[Items from a dataset]
"""
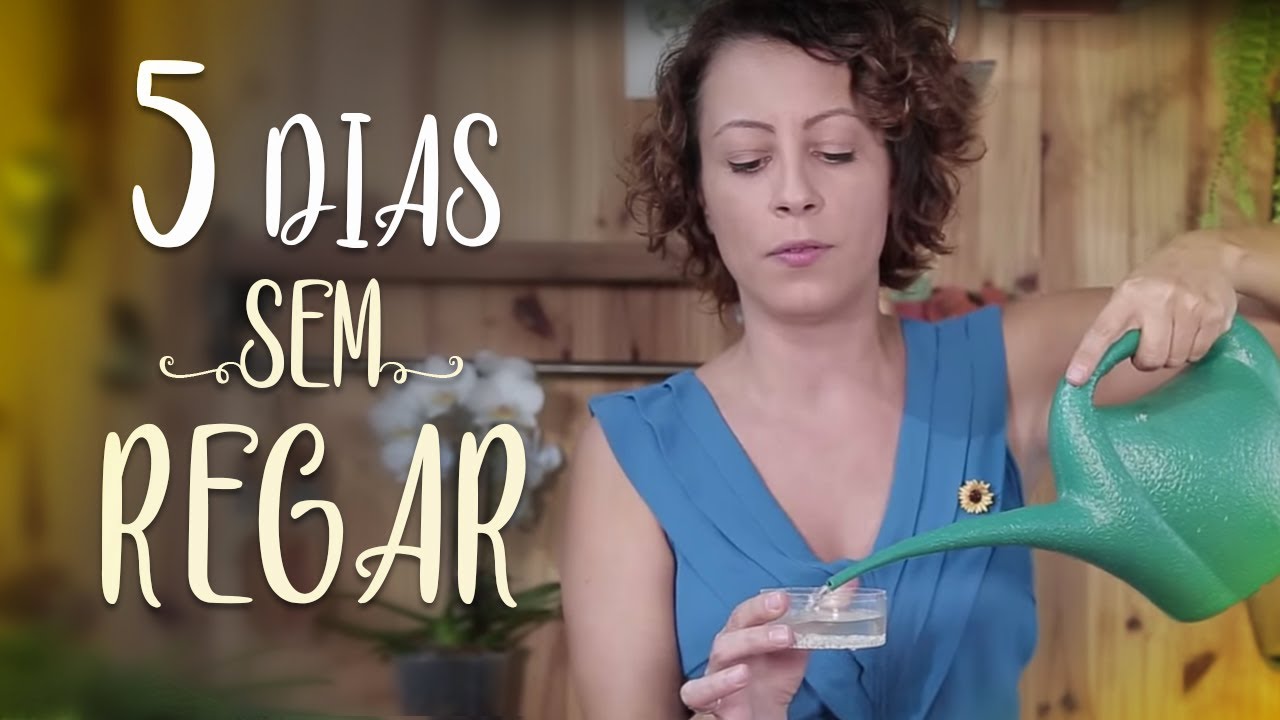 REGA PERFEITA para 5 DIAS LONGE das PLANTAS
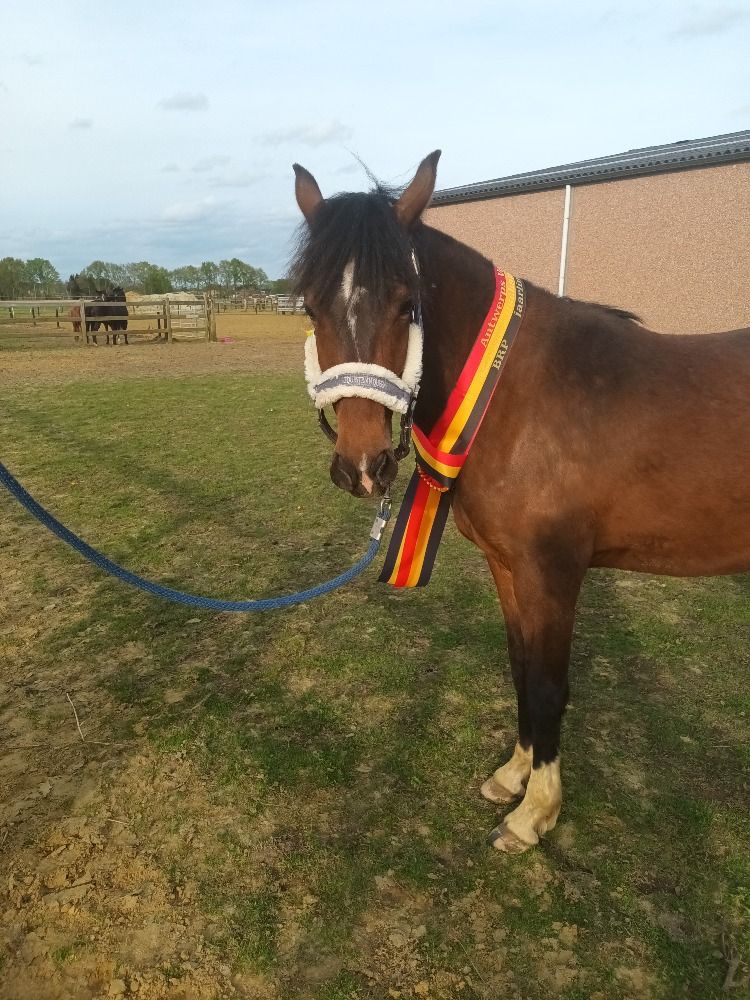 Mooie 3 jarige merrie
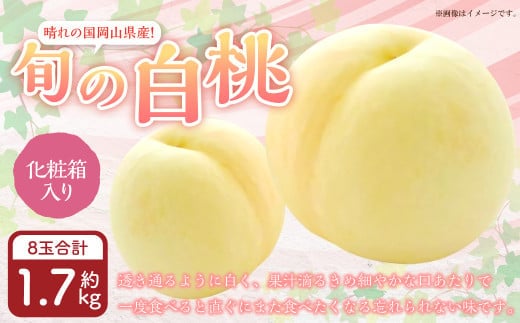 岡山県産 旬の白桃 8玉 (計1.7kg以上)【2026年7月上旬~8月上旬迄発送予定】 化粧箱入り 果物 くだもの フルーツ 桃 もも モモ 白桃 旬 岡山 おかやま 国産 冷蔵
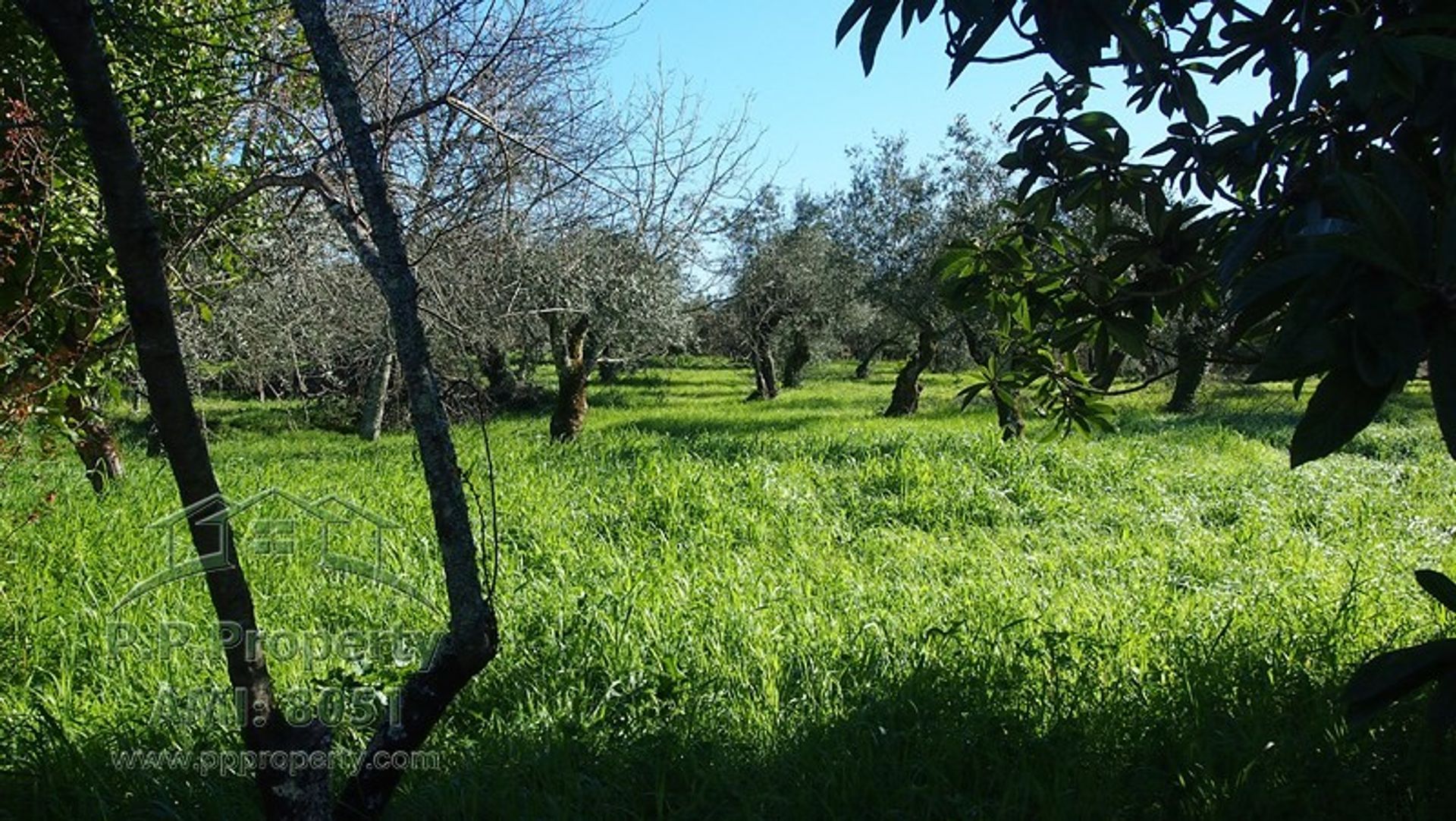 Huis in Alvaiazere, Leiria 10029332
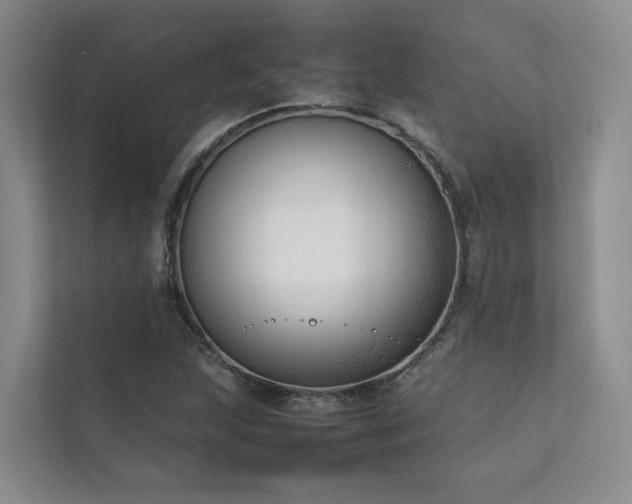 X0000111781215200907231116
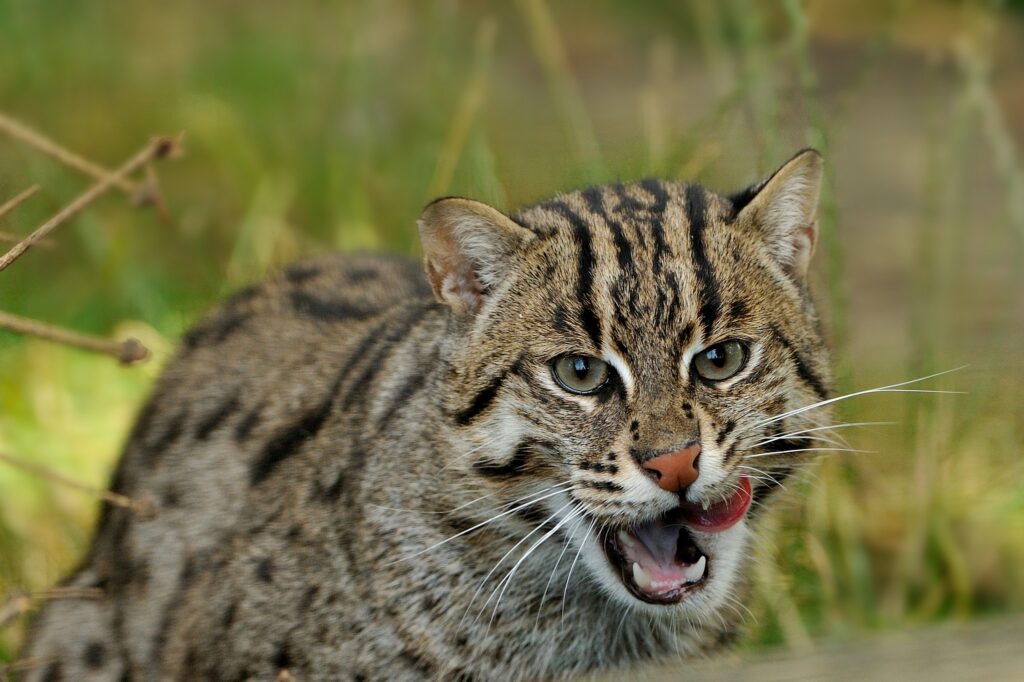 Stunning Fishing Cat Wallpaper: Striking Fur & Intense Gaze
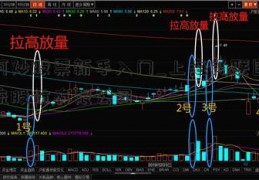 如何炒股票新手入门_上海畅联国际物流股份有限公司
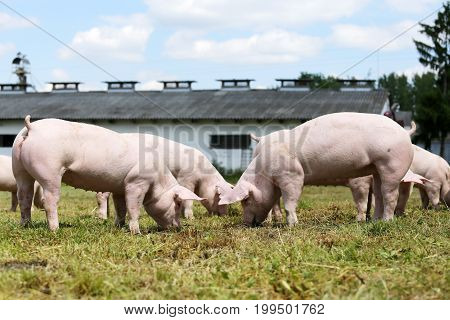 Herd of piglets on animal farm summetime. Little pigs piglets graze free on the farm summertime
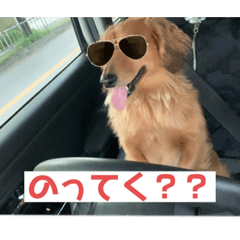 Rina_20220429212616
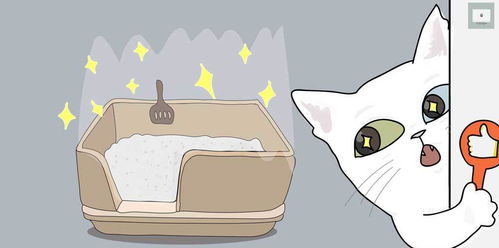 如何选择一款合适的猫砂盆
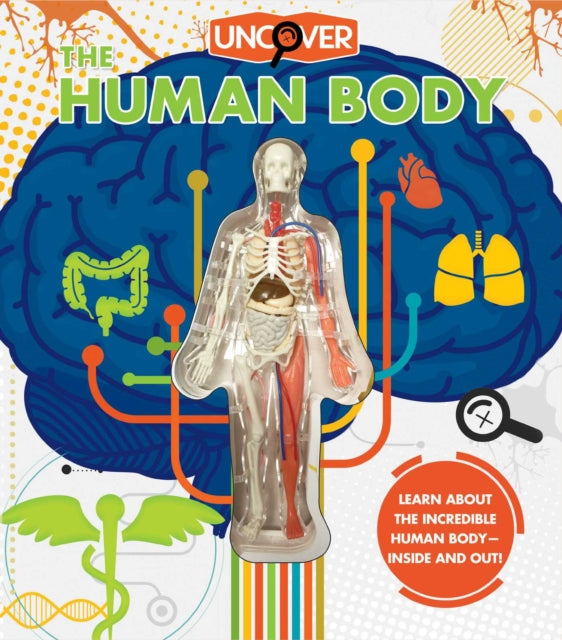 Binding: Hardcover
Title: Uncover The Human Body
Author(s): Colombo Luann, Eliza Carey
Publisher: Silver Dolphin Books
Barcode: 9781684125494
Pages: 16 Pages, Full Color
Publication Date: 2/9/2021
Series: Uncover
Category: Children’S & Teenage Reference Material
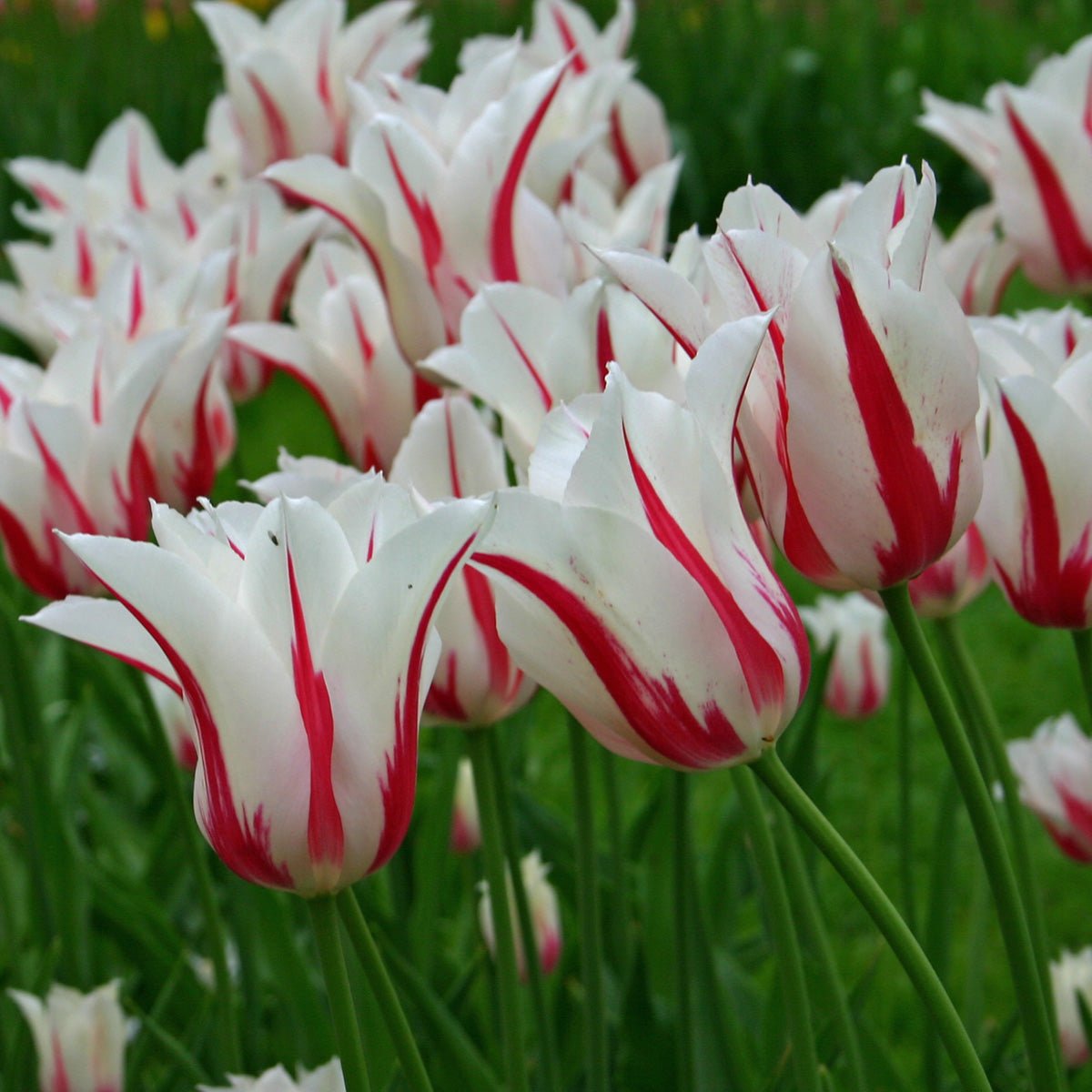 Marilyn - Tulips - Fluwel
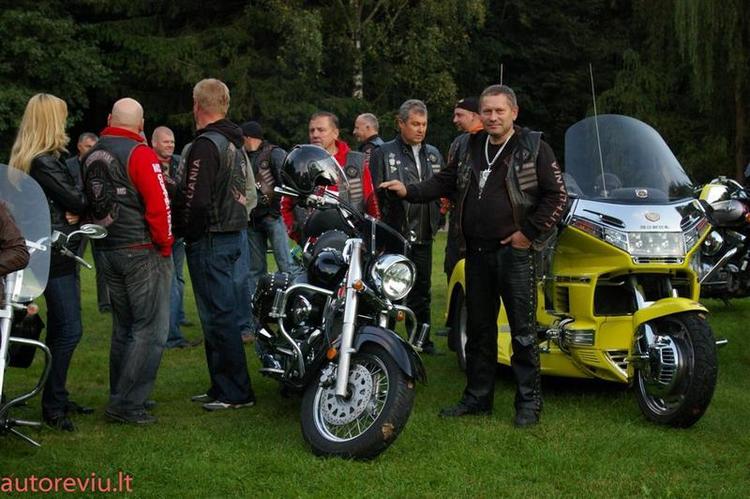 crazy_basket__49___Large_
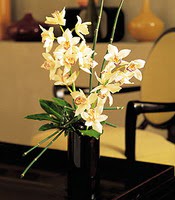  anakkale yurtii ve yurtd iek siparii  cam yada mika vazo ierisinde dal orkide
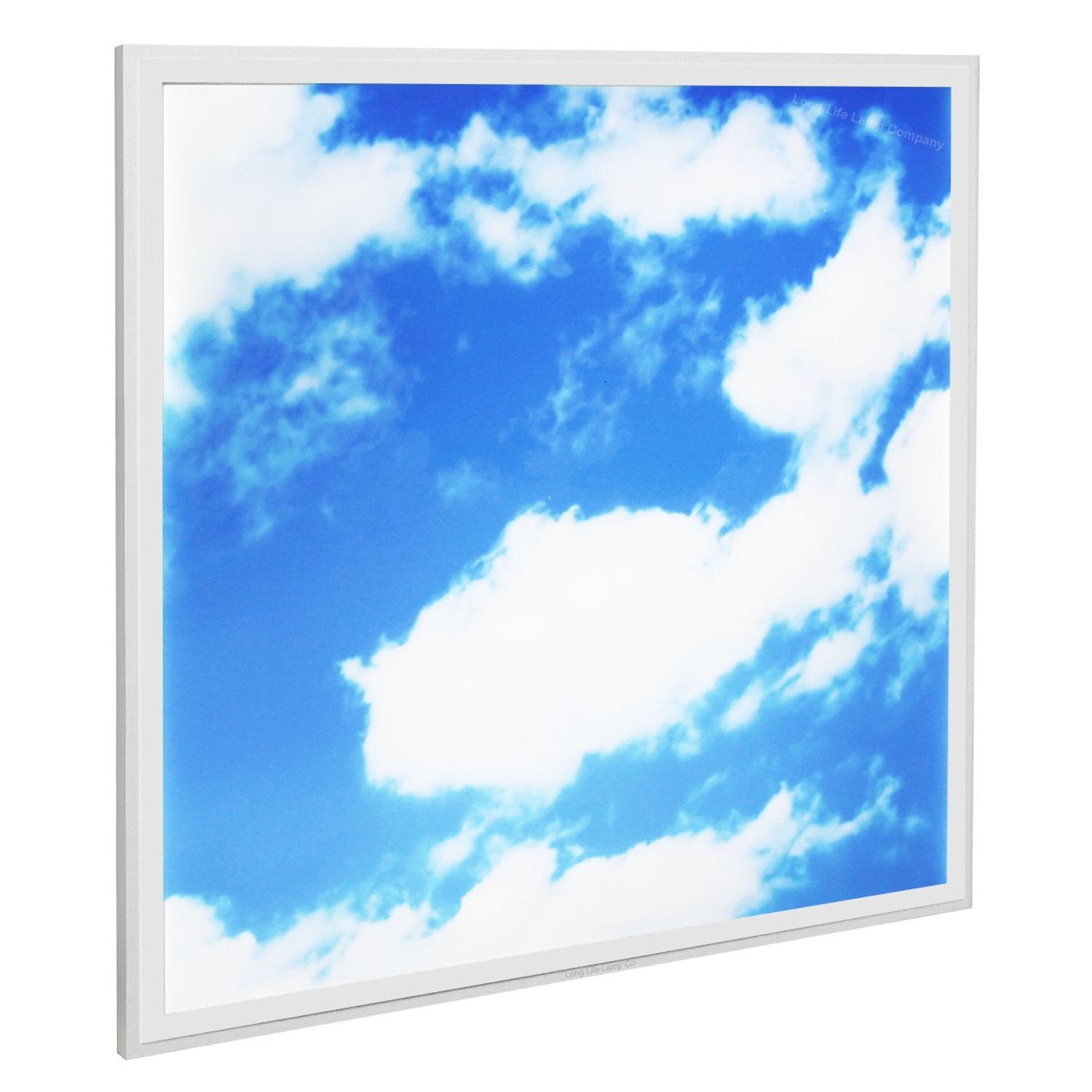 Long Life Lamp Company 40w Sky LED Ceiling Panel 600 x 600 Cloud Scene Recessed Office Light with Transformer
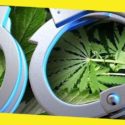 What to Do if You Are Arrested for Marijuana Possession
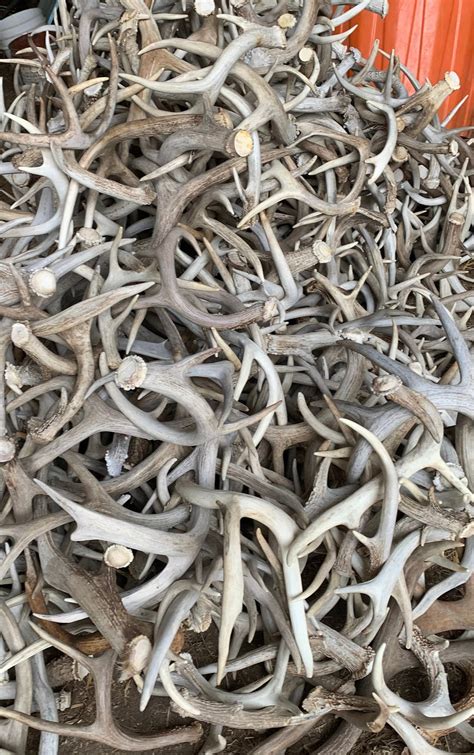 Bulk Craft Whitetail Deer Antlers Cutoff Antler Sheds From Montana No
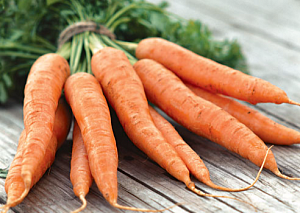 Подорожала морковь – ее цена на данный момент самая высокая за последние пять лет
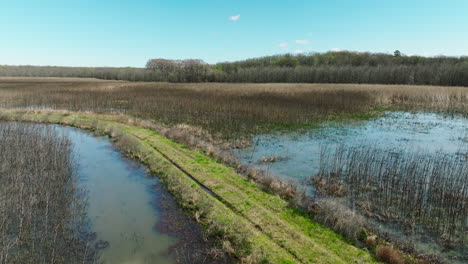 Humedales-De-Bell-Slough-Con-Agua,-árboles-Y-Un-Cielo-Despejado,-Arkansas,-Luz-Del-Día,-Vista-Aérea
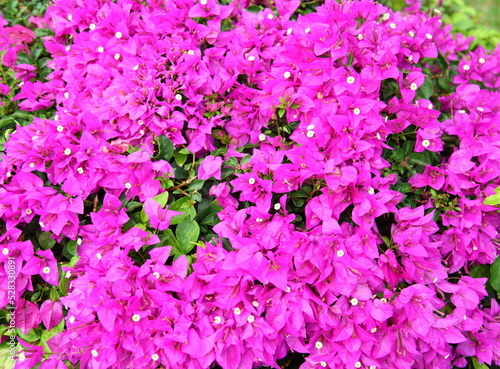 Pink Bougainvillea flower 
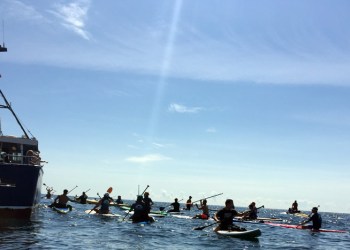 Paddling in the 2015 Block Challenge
"""
Your instructions:
Show each line in the data where the string "Uncover" appears.

Final answer:
Title: Uncover The Human Body
Series: Uncover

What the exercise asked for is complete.